I built a 20 kB React hook that doesn't care which AI you use — here's how streaming actually works

**MyrinNew** · 05-09-2026, 06:33 PM

`---

Most React AI chat libraries are secretly backend libraries.

They stream directly from OpenAI, or through their own cloud, or via a framework-specific server

adapter. The React hook is just a thin client on top of one particular provider. Switch from Claude

to GPT-4? Rewrite the frontend. Migrate off Vercel? Rewrite the frontend. Add Groq for a faster path?

Rewrite the frontend.

But here's the thing: streaming AI chat is fundamentally just three events:

data: {"type":"text","text":"Hello"}

data: {"type":"text","text":", world"}

data: {"type":"done"}

That's it. text, done, error. Your React component shouldn't need to know anything more than that.
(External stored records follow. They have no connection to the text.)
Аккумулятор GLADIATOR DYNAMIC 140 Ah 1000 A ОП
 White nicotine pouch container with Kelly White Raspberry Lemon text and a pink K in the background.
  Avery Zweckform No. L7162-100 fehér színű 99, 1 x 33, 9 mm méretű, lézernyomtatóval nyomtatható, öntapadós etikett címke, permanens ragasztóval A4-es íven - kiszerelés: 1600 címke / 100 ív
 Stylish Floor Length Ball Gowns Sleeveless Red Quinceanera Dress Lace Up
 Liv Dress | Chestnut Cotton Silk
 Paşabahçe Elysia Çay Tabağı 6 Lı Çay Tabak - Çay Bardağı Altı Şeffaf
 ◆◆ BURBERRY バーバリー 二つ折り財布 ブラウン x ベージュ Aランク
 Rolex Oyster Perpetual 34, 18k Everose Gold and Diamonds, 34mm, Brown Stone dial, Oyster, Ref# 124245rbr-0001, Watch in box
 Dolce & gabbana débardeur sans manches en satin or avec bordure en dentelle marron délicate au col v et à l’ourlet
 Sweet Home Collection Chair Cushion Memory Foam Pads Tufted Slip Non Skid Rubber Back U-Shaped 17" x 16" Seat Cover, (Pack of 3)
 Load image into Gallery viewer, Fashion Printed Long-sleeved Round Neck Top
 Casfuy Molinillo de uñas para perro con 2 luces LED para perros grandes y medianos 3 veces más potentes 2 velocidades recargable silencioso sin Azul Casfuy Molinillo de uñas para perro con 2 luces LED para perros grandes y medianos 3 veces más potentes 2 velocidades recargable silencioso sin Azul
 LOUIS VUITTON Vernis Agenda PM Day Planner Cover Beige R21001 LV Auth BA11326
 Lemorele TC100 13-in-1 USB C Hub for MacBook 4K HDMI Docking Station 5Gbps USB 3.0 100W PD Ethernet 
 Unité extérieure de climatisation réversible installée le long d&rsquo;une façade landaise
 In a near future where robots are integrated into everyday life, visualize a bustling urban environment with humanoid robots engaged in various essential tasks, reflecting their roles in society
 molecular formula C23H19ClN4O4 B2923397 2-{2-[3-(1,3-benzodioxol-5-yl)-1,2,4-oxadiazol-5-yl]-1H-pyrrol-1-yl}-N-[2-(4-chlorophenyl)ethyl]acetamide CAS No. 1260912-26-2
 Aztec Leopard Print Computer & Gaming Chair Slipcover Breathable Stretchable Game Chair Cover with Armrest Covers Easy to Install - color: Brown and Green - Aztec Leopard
So I built react-ai-stream (https://github.com/trimooo/react-ai-stream) — a backend-agnostic

streaming hook that speaks this protocol. Any server that produces those three events works,

regardless of which LLM is behind it.

The architecture

Here's the full picture:

React UI /

│

useAIChat() hook

useSyncExternalStore

│

Zustand store SSE parser + normalizer

messages · loading · error ReadableStream → StreamChunk

│ │

└───────────────────────────────┘

│

HTTP POST + SSE stream

│

Your server (/api/chat)

Next.js · Express · FastAPI · Go · Rails

│

Anthropic · OpenAI · Groq · Custom

The boundary in the middle is everything. The React layer speaks {type, text} over SSE. The server

speaks whatever the LLM provider requires. Neither knows about the other's implementation.

How streaming actually works

Most tutorials skip the networking part. Here's what's actually happening.

Server-Sent Events (SSE) is a one-directional HTTP protocol: the server opens a connection and keeps

sending data:

HTTP/1.1 200 OK

Content-Type: text/event-stream

Cache-Control: no-cache

data: {"type":"text","text":"Hello"}

data: {"type":"text","text":", world"}

data: {"type":"done"}

The double newline (\n\n) is the event delimiter. Your API route receives the user's messages, calls

the LLM, and re-emits tokens in this format.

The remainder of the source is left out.